[Problem to work on]:
What is needed is a word-for-word copy of the lines below from the one with "Then we have" through the one with "And now for", both included, with every picture left out.

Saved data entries
____________

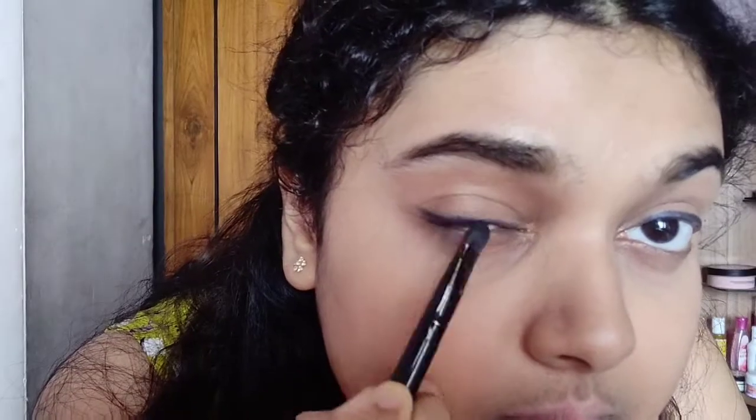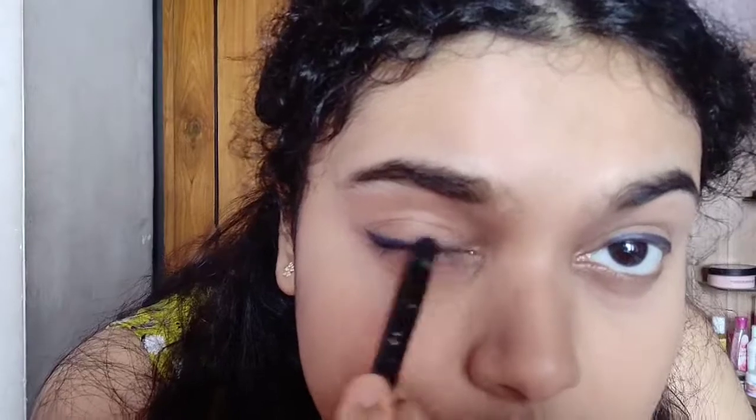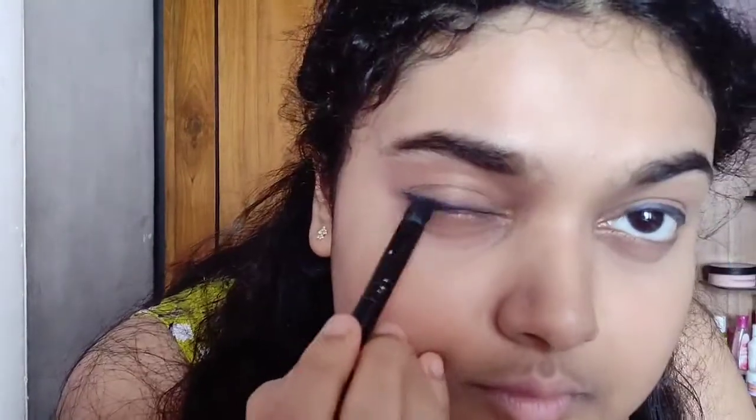For the eyes, I am using the Nykaa Kajal Glamourize Kajal in the shade Midnight Mage. I recently purchased it and this kajal is very creamy. As you can see, it is a deep blue shade.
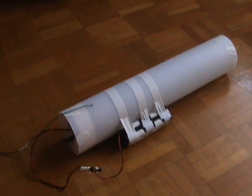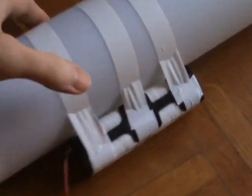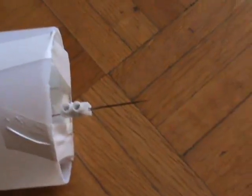This is my ion ray gun. It's powered by eight AA batteries. It works by amplifying the signals of two 555 timers through a transistor, two high-voltage transformers, and a Cockroft-Walton multiplier. This creates a large difference of potential between the discharge terminal and the ground cable.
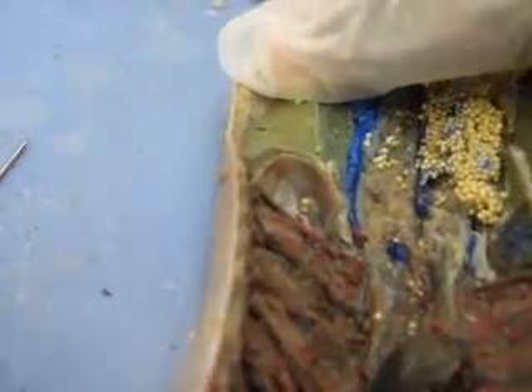Then we have the intestine. The rubber band flap thing — there's the intestine.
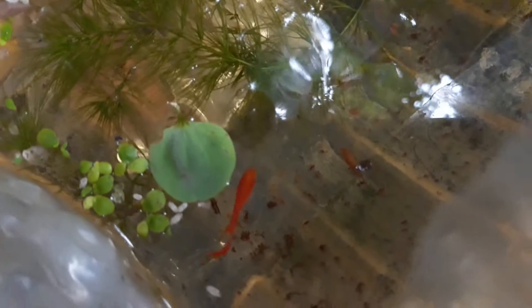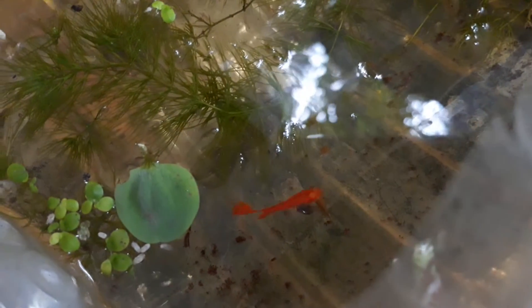This is the male fall red albino. This is the female fall red albino. This is the fall red albino.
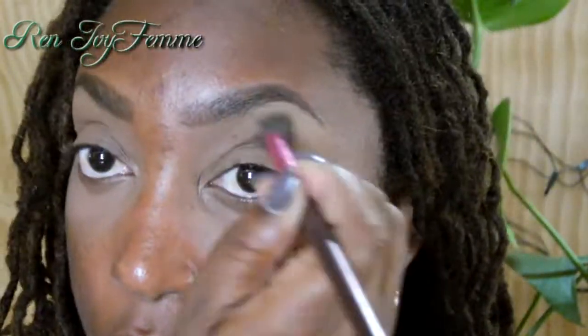Next I'm going to do my highlight. I'm going to use a mixture of Beaches and Cream and Vanilla Bean — I just wanted something a little bit brighter. The Vanilla Bean is lighter than Beaches and Cream, and I use that in a patting motion. Once I've patted most of the color in, I blend it down into my transition color.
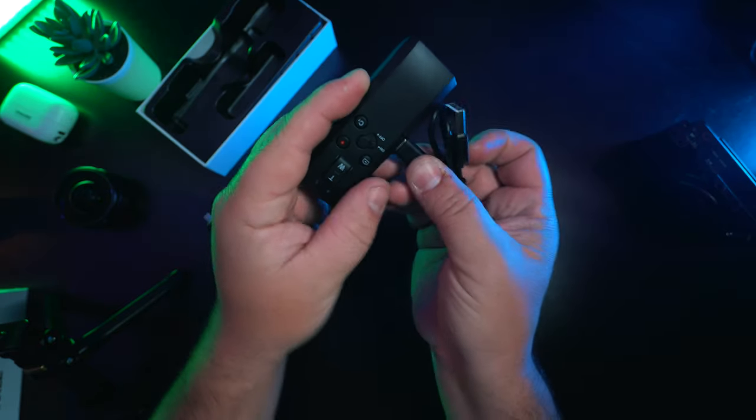And now for my favorite part that actually makes this thing so much better than the Sony remote. The remote actually comes out and you can use this as a standalone remote. This is really cool — it charges with USB-C, and now you can keep your camera on your tripod or any tripod and just remotely control it with this little remote.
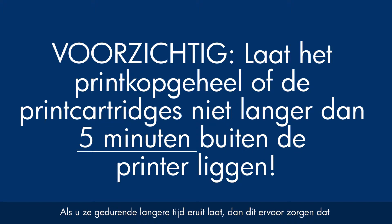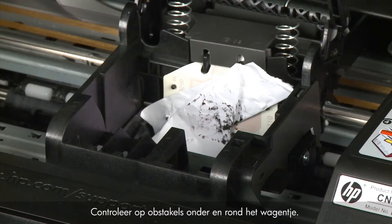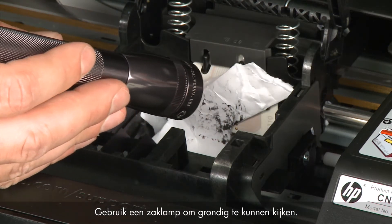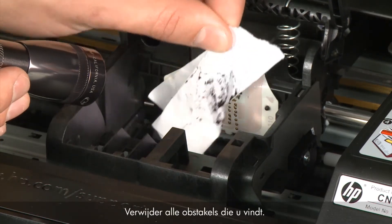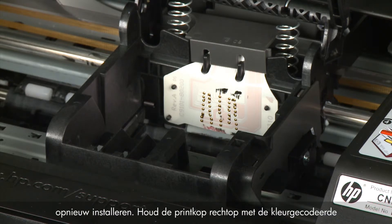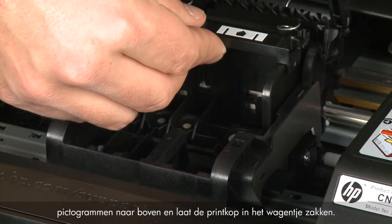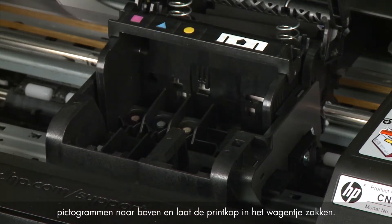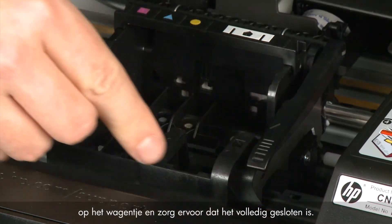Leaving them out for an extended period can dry up the ink ports on the cartridges or nozzles on the printhead assembly. Check for obstructions under and around the carriage using a flashlight, and remove any obstructions found. Once clear, reinstall the printhead assembly by holding it upright with the color-coded icons on top and lowering it into the carriage. Carefully lower the latch handle on the carriage, making sure it is fully closed.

____________

[Expected answer]:
Then we have the intestine. The rubber band flap thing — there's the intestine.
This is the male fall red albino. This is the female fall red albino. This is the fall red albino.
Next I'm going to do my highlight. I'm going to use a mixture of Beaches and Cream and Vanilla Bean — I just wanted something a little bit brighter. The Vanilla Bean is lighter than Beaches and Cream, and I use that in a patting motion. Once I've patted most of the color in, I blend it down into my transition color.
And now for my favorite part that actually makes this thing so much better than the Sony remote. The remote actually comes out and you can use this as a standalone remote. This is really cool — it charges with USB-C, and now you can keep your camera on your tripod or any tripod and just remotely control it with this little remote.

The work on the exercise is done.